> _Information given_:
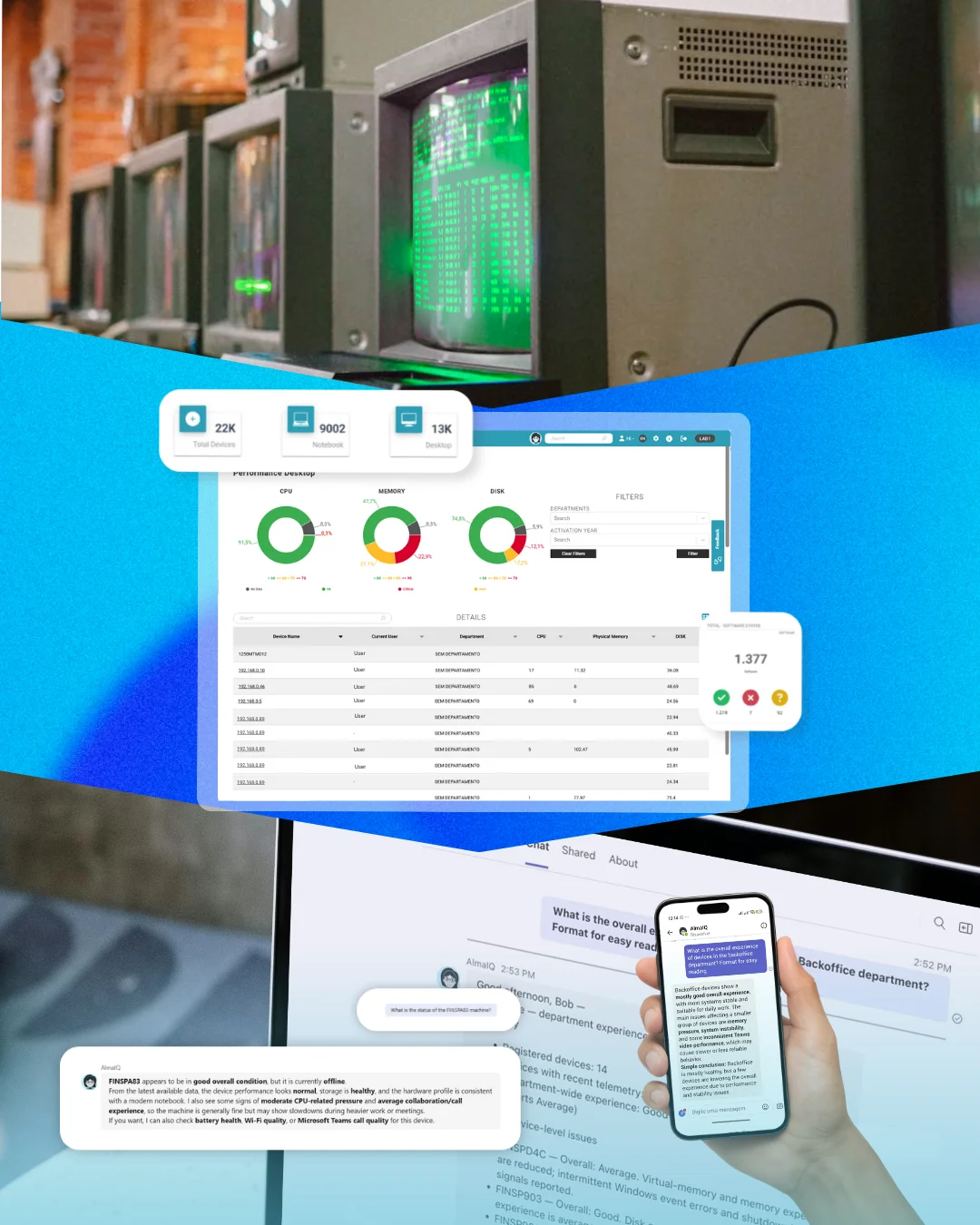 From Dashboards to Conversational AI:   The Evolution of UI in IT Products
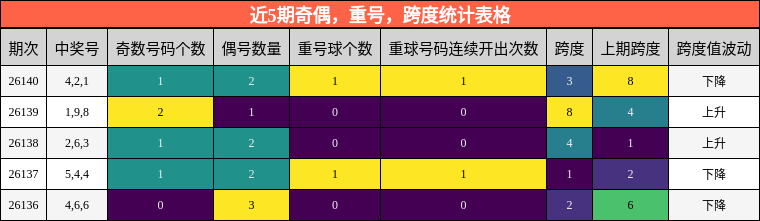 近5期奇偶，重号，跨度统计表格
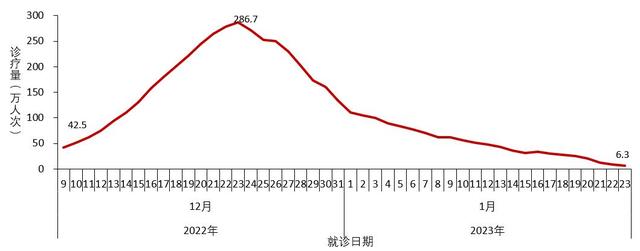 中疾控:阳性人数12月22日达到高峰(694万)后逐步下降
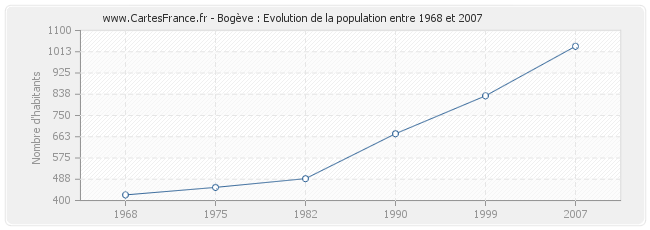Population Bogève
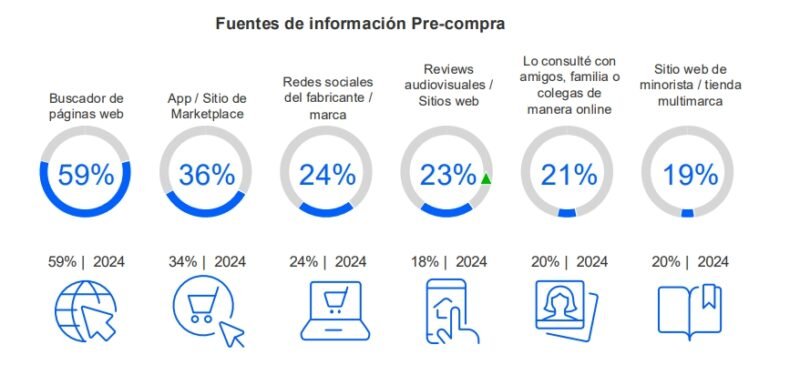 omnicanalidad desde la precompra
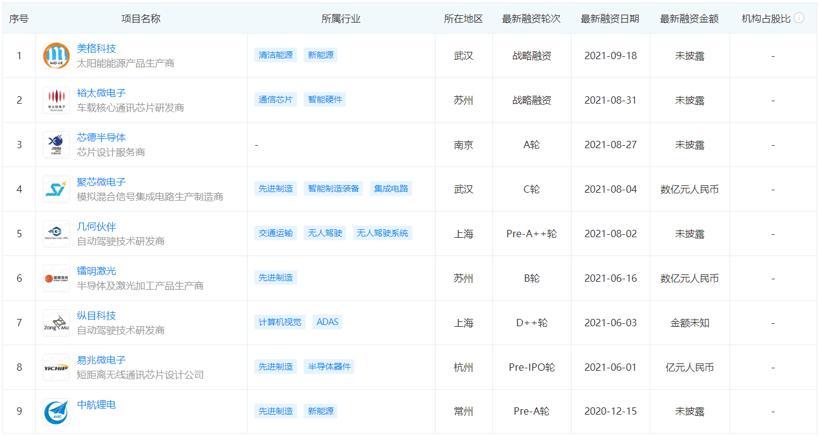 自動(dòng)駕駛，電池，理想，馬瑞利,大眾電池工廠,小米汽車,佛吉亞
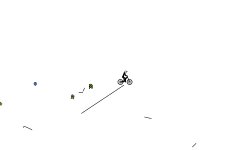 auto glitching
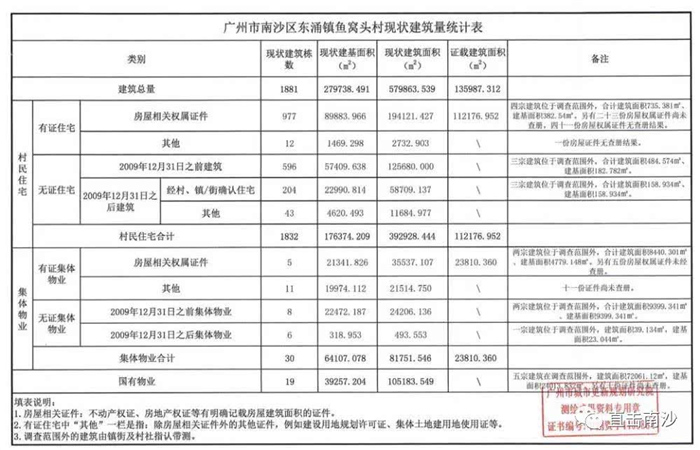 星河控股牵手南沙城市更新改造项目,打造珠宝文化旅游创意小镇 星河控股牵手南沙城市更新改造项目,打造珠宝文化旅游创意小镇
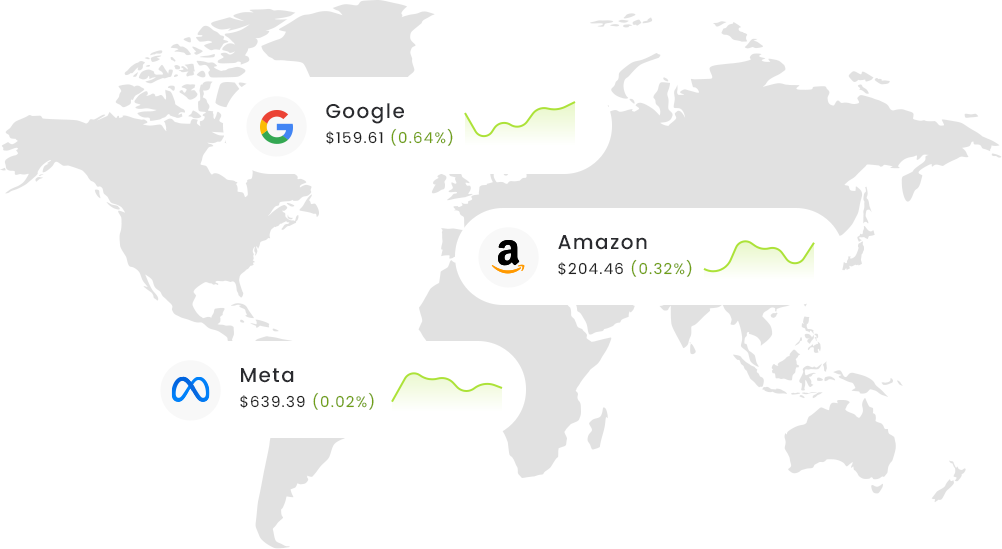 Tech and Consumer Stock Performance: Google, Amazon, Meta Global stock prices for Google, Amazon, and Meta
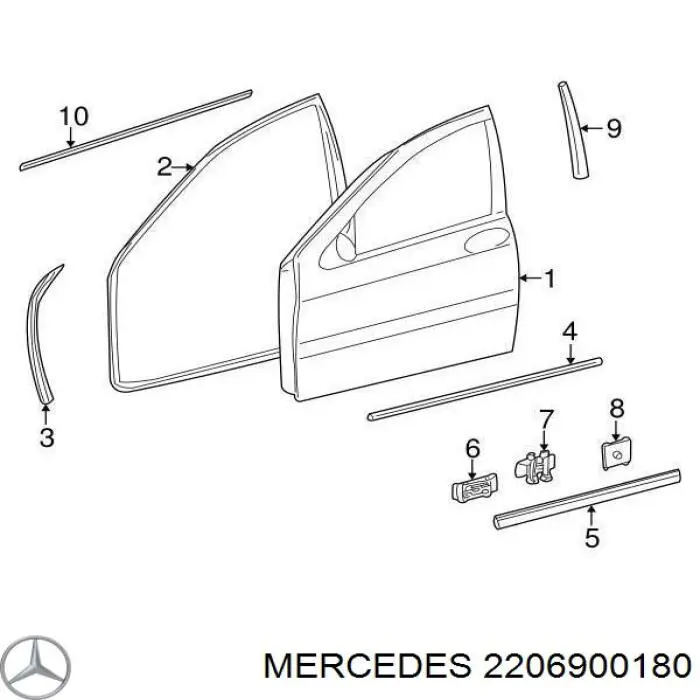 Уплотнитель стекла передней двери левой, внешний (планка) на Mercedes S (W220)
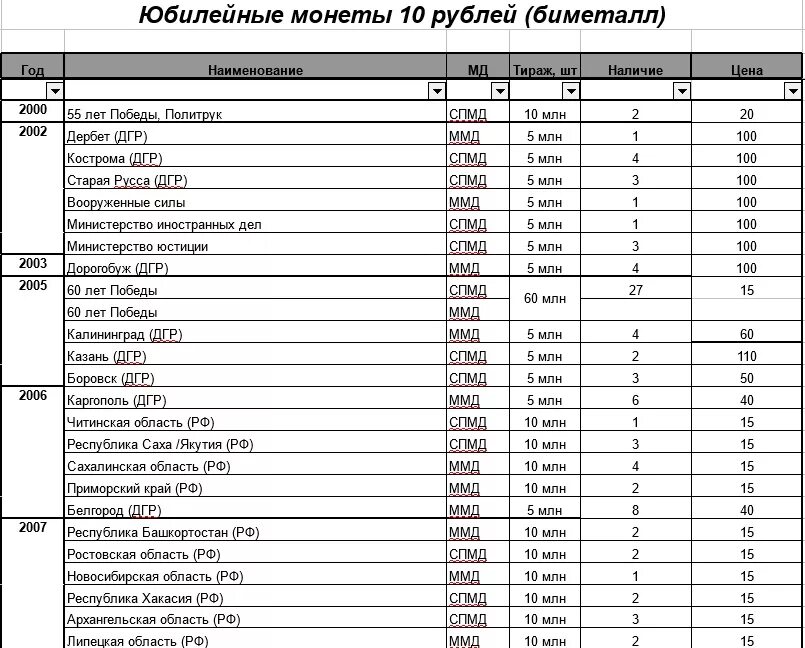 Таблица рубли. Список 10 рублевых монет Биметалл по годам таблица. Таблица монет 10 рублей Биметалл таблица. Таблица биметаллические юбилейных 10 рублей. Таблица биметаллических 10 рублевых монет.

> _Task prompt_: Give back exactly, and only, the lines from the one holding "中疾控:阳性人数12月22日达到高峰(694万)后逐步下降" through the last line of the entries, with every picture omitted.

> _Result of this task_:
 中疾控:阳性人数12月22日达到高峰(694万)后逐步下降
Population Bogève
 omnicanalidad desde la precompra
 自動(dòng)駕駛，電池，理想，馬瑞利,大眾電池工廠,小米汽車,佛吉亞
 auto glitching
 星河控股牵手南沙城市更新改造项目,打造珠宝文化旅游创意小镇 星河控股牵手南沙城市更新改造项目,打造珠宝文化旅游创意小镇
 Tech and Consumer Stock Performance: Google, Amazon, Meta Global stock prices for Google, Amazon, and Meta
 Уплотнитель стекла передней двери левой, внешний (планка) на Mercedes S (W220)
 Таблица рубли. Список 10 рублевых монет Биметалл по годам таблица. Таблица монет 10 рублей Биметалл таблица. Таблица биметаллические юбилейных 10 рублей. Таблица биметаллических 10 рублевых монет.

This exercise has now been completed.